INSTRUCTIONS TO FOLLOW – Every line of the material must be set down again without alteration.

━━━━━ EXERCISE DATA

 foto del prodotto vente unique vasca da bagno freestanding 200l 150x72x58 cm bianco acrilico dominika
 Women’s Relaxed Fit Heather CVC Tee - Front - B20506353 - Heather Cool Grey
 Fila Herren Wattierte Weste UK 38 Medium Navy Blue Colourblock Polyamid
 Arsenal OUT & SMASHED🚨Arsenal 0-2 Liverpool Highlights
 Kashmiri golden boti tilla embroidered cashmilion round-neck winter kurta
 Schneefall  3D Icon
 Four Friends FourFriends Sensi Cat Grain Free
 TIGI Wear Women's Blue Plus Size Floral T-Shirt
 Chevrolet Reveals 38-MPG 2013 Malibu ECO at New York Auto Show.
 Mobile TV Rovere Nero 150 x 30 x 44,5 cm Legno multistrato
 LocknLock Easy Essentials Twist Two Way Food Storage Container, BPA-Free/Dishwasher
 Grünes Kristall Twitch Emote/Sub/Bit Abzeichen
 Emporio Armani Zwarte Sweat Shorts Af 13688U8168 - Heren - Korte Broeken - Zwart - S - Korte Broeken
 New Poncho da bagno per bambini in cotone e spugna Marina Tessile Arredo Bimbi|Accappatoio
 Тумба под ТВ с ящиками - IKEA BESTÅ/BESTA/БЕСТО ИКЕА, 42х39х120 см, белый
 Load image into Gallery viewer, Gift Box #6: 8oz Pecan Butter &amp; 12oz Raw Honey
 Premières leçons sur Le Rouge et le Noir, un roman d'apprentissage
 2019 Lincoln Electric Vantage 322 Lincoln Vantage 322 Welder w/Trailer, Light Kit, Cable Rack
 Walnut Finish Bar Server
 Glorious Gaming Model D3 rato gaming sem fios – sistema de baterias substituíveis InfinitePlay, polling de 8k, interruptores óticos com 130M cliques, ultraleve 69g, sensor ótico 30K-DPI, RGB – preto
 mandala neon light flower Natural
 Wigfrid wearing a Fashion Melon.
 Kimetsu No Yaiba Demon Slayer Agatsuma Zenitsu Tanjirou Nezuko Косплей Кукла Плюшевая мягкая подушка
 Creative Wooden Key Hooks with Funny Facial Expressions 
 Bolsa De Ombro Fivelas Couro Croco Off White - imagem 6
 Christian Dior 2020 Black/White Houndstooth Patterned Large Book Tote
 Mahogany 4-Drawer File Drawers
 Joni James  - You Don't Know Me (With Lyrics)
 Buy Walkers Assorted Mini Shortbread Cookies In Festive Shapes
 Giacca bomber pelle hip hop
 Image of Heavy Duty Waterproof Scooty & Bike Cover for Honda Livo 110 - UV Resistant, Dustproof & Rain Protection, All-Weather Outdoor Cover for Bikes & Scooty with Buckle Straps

━━━━━━━━━━

SOLUTION TO THIS EXERCISE –
 foto del prodotto vente unique vasca da bagno freestanding 200l 150x72x58 cm bianco acrilico dominika
 Women’s Relaxed Fit Heather CVC Tee - Front - B20506353 - Heather Cool Grey
 Fila Herren Wattierte Weste UK 38 Medium Navy Blue Colourblock Polyamid
 Arsenal OUT & SMASHED🚨Arsenal 0-2 Liverpool Highlights
 Kashmiri golden boti tilla embroidered cashmilion round-neck winter kurta
 Schneefall  3D Icon
 Four Friends FourFriends Sensi Cat Grain Free
 TIGI Wear Women's Blue Plus Size Floral T-Shirt
 Chevrolet Reveals 38-MPG 2013 Malibu ECO at New York Auto Show.
 Mobile TV Rovere Nero 150 x 30 x 44,5 cm Legno multistrato
 LocknLock Easy Essentials Twist Two Way Food Storage Container, BPA-Free/Dishwasher
 Grünes Kristall Twitch Emote/Sub/Bit Abzeichen
 Emporio Armani Zwarte Sweat Shorts Af 13688U8168 - Heren - Korte Broeken - Zwart - S - Korte Broeken
 New Poncho da bagno per bambini in cotone e spugna Marina Tessile Arredo Bimbi|Accappatoio
 Тумба под ТВ с ящиками - IKEA BESTÅ/BESTA/БЕСТО ИКЕА, 42х39х120 см, белый
 Load image into Gallery viewer, Gift Box #6: 8oz Pecan Butter &amp; 12oz Raw Honey
 Premières leçons sur Le Rouge et le Noir, un roman d'apprentissage
 2019 Lincoln Electric Vantage 322 Lincoln Vantage 322 Welder w/Trailer, Light Kit, Cable Rack
 Walnut Finish Bar Server
 Glorious Gaming Model D3 rato gaming sem fios – sistema de baterias substituíveis InfinitePlay, polling de 8k, interruptores óticos com 130M cliques, ultraleve 69g, sensor ótico 30K-DPI, RGB – preto
 mandala neon light flower Natural
 Wigfrid wearing a Fashion Melon.
 Kimetsu No Yaiba Demon Slayer Agatsuma Zenitsu Tanjirou Nezuko Косплей Кукла Плюшевая мягкая подушка
 Creative Wooden Key Hooks with Funny Facial Expressions 
 Bolsa De Ombro Fivelas Couro Croco Off White - imagem 6
 Christian Dior 2020 Black/White Houndstooth Patterned Large Book Tote
 Mahogany 4-Drawer File Drawers
 Joni James  - You Don't Know Me (With Lyrics)
 Buy Walkers Assorted Mini Shortbread Cookies In Festive Shapes
 Giacca bomber pelle hip hop
 Image of Heavy Duty Waterproof Scooty & Bike Cover for Honda Livo 110 - UV Resistant, Dustproof & Rain Protection, All-Weather Outdoor Cover for Bikes & Scooty with Buckle Straps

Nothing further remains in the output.